Problem: Everything in the data except the pictures belongs in your answer, copied exactly.

Provided data:

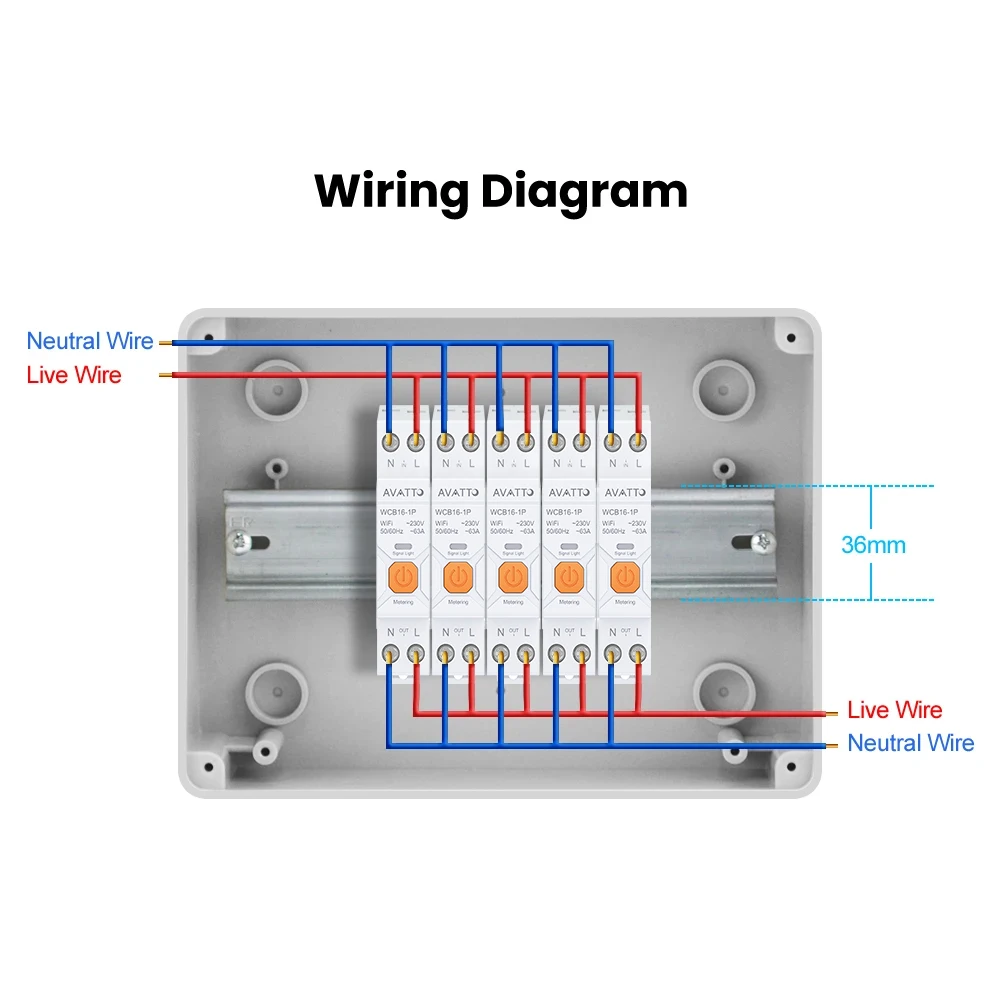 AVATTO Tuya WiFi Smart Circuit Breaker Metering 1P + N 63A Timer Power Energy kWh Voltage Current Meter Protector Control Switch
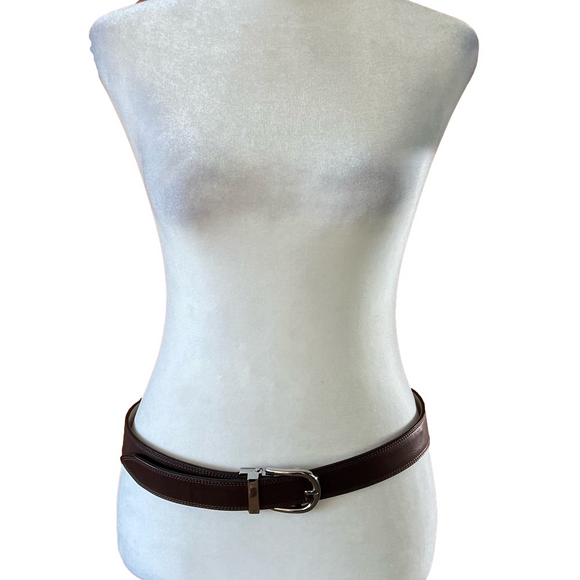 Accessories - Brown Synthetic Leather Belt with Silver Buckle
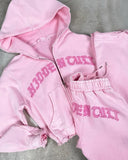 Womens Y2k Aesthetic Zipper Letter Splicing Hoodie Set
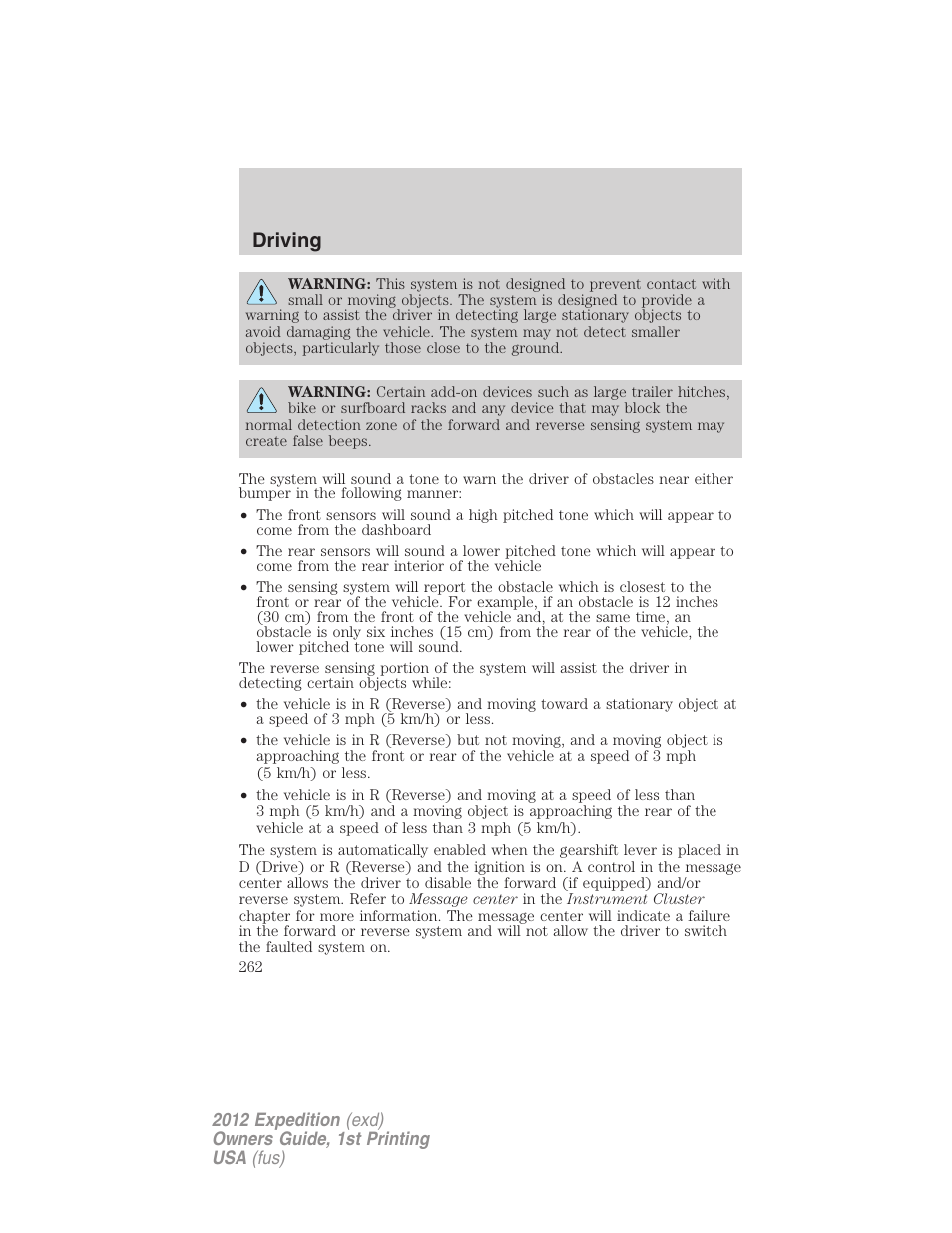 Driving | FORD 2012 Expedition v.1 User Manual | Page 262 / 400
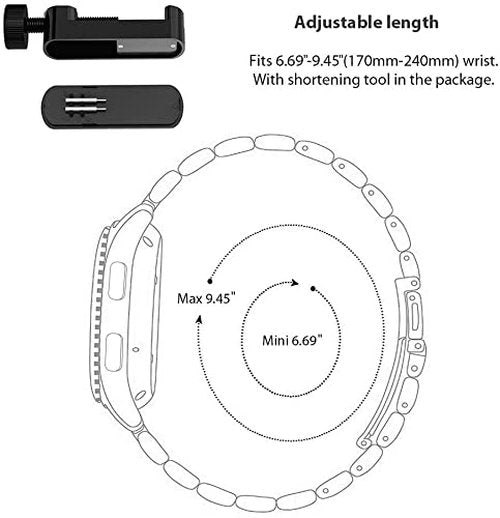 Compatible for Onaneag Smart Watch Band, 22mm Quick Release Stainless Steel Metal Replacement Straps Compatible for Onaneag P110, Ddidbi, Paukila P114, Nihemin 1.96 Watch (Black, 22mm size band)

Written solution:
 AVATTO Tuya WiFi Smart Circuit Breaker Metering 1P + N 63A Timer Power Energy kWh Voltage Current Meter Protector Control Switch
 Accessories - Brown Synthetic Leather Belt with Silver Buckle
 Womens Y2k Aesthetic Zipper Letter Splicing Hoodie Set
 Driving | FORD 2012 Expedition v.1 User Manual | Page 262 / 400
 Compatible for Onaneag Smart Watch Band, 22mm Quick Release Stainless Steel Metal Replacement Straps Compatible for Onaneag P110, Ddidbi, Paukila P114, Nihemin 1.96 Watch (Black, 22mm size band)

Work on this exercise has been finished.